Législatives françaises : Aux urnes, citoyens !
On vote dimanche en France (et depuis mardi dans le monde entier, pour les Français de l'étranger) pour le premier tour des législatives anticipées provoquées par le président Macron. En dissolvant l'Assemblée Nationale pour soigner la blessure d'amour-propre due à la défaite de son camp aux Européennes, il n'a pas seulement dissout la Chambre : il a aussi dissout la droite démocratique, son propre camp ("il a tué la majorité présidentielle", oraisonne son ancien Premier ministre Edouard Philippe) et la rationalité du débat politique. Beau bilan -même s'il reste président. Pour deux ans, au maximum. "Nous sommes dans une situation où la France est en danger", soupire le député macroniste sortant de la circonscription des Français de Suisse et du Liechtenstein, Marc Ferracci, Ouais, mais la faute à qui ? La dissolution, ("une des pires décisions politiques de ces cinquante dernières années" en France, résume Alain Rebetez dans "Le Matin Dimanche") Macron (ou du moins ses conseillers) l'envisageait sans doute depuis des mois -depuis que les sondages donnaient le Rassemblement National vainqueur potentiel de toutes les élections à venir. Macron, Au-delà du petit cercle de ces conseillers du président, personne ou presque n'avait été averti de ses intentions, pas même le Premier ministre, ni la présidente de l'Assemblée nationale, ni le président du Sénat. Macron avait une ambition : faire exploser la NUPES (c'est raté) et les Républicains (c'est réussi), et constituer autour du président un "bloc central" assez puissant pour continuer à gouverner (c'est sans doute raté aussi).

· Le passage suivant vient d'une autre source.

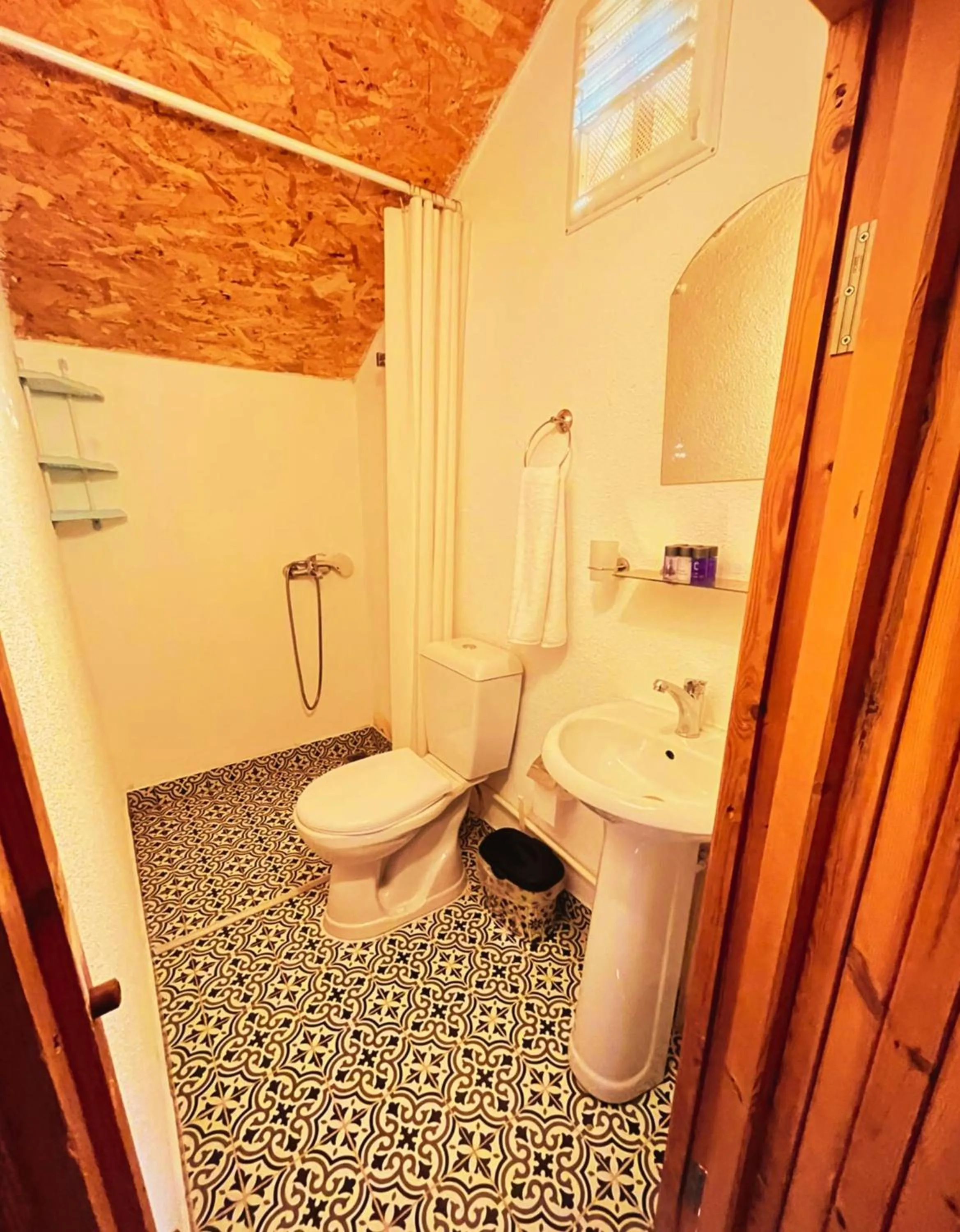 Shower in Kybele Nature Life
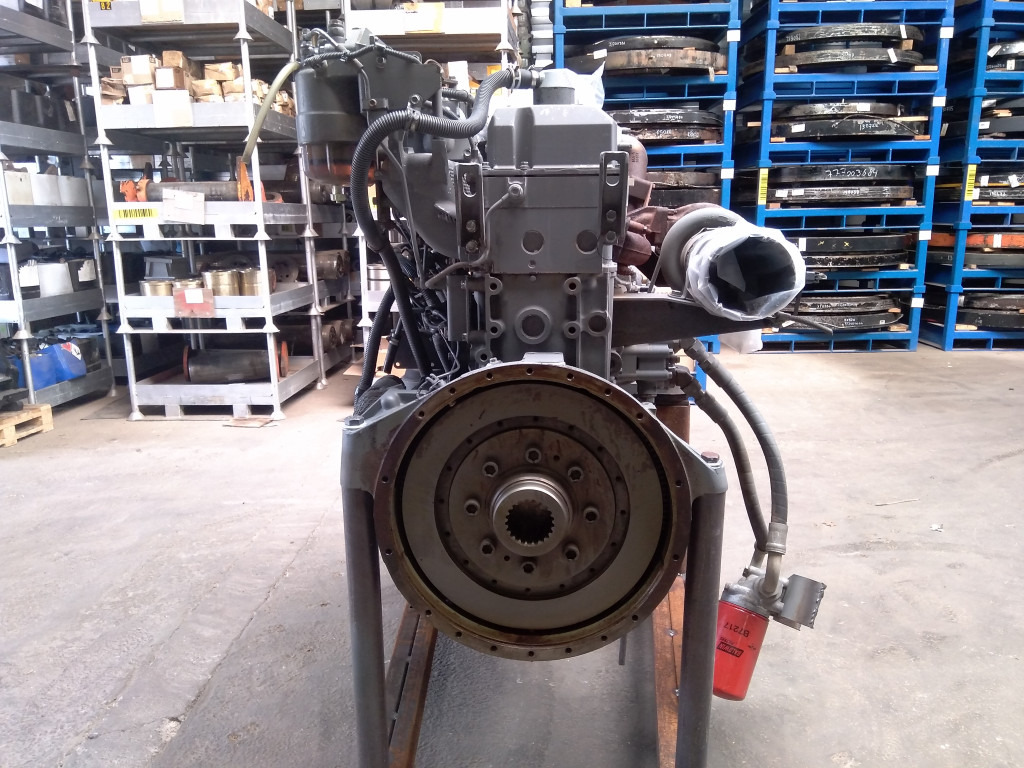 Hitachi 4644223 - Motor pentru Utilaje constructii: Foto 4 Hitachi 4644223 - Motor pentru Utilaje constructii: Foto 4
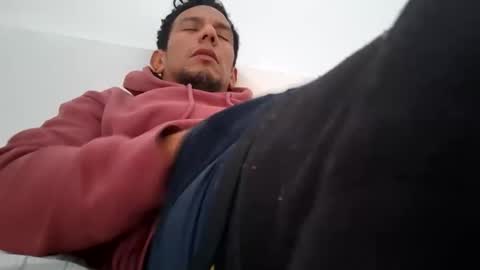 Snapshot of gust_fit chatting on February 28, 5:25 pm Moreno online show from February 28, 5:25 pm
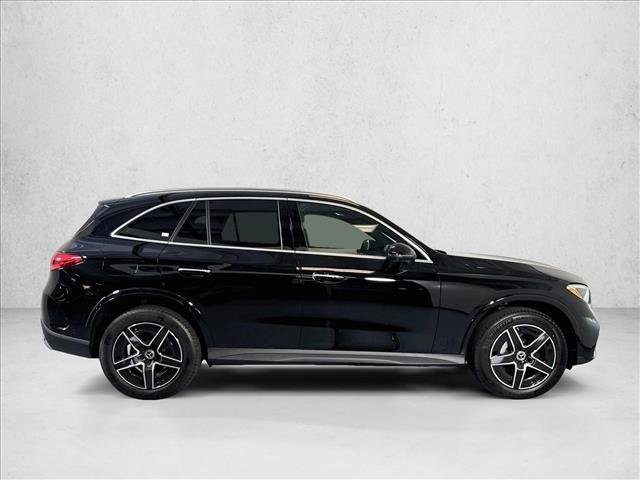 New 2026 Black Mercedes-Benz GLC 300 image 34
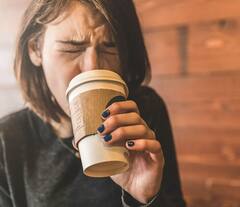 जीभ भाजल्यावर करु शकता 'हे' घरगुती उपाय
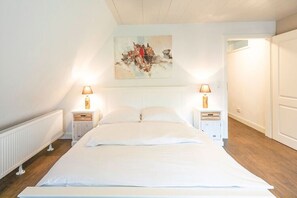 House | 3 bedrooms, individually furnished - Wellnessferienhaus in Dagebull auf Einer Warft (Dagebuell)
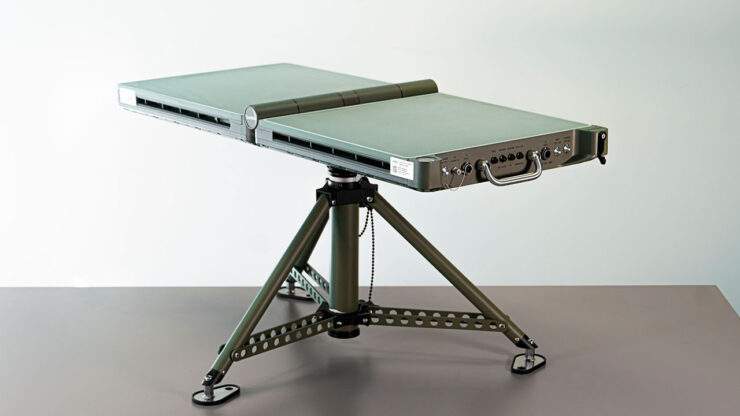 FoldSat Satcom LEO - 5G COMPAD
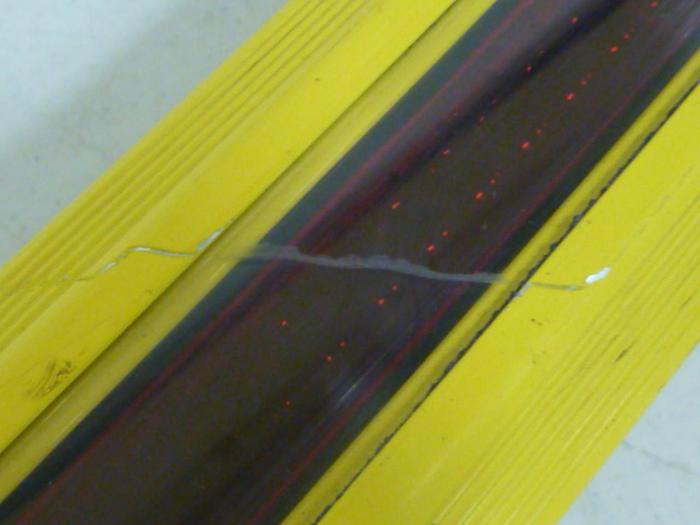 Used STI Light Curtain Receiver MG46SR-30-1215-R-A1-FD2 Used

Le vote pour le Front-Rassemblement National s'est banalisé, mais un gouvernement du RN n'aurait, lui, rien de banal.
La défaite du Parti présidentiel aux élections
européennes a été si lourde qu'il a même été battu non seulement
par le Rassemblement National, ce qui était attendu, mais aussi
par le Parti socialiste, ressuscité par la liste conduite par
Raphaël Glucksmann. Macron essayait de se consoler en disant de
l'élection européenne qu'elle fut un "défouloir" -mais le
défoulement a perduré après la dissolution de l'Assemblée. Dès
lors, il pense avoir trouvé la clef de l'évitement de la défaite
de son camp en renvoyant dos à dés les "extrémismes de droite et
de gauche", assimilant donc au même "extrémisme" le Nouveau
Front Populaire et le Rassemblement National. Extrémistes, donc,
François Hollande, Lionel Jospin, Raphaël Glucksmann, François
Ruffin, Dominique Voynet ?
Les derniers sondages dont nous avons eu
connaissance donnent entre 27 et 30 % d'intentions de vote pour
le Front Populaire (et entre 1,5 et 3 % pour les "divers gauche"
et l'"extrême-gauche non ralliée au NFP), contre 31,5 à 35 %
pour le RN (et entre 5 et 6 % pour les ciottistes et les
zemmouriens). Le Front Populaire présente des candidatures
uniques dans quasiment toutes les circonscriptions, comme la
NUPES en 2022, mais la France Insoumise le représente dans
beaucoup moins de circonscriptions le PS dans beaucoup plus (il
y a plus de candidats PS, Verts et PC que de candidatures LFI)
qu'en 2022. Et Jean-Luc Mélenchon ne domine plus l'alliance, ni
n'en est le candidat au poste de Premier Ministre. Et les
principales personnalités socialistes qui s'opposaient à la
NUPES en 2022 (comme François Hollande ou Carole Delga)
soutiennent aujourd'hui le Front Populaire.
Mélenchon, veut-il que le Front Populaire les gagne, les
élections ? Vraisemblablement pas. Peu importe : le Nouveau
Front Populaire était indispensable, il a été conclu, à l'appel,
notamment, de François Ruffin. Ce n'est qu'un accord électoral ?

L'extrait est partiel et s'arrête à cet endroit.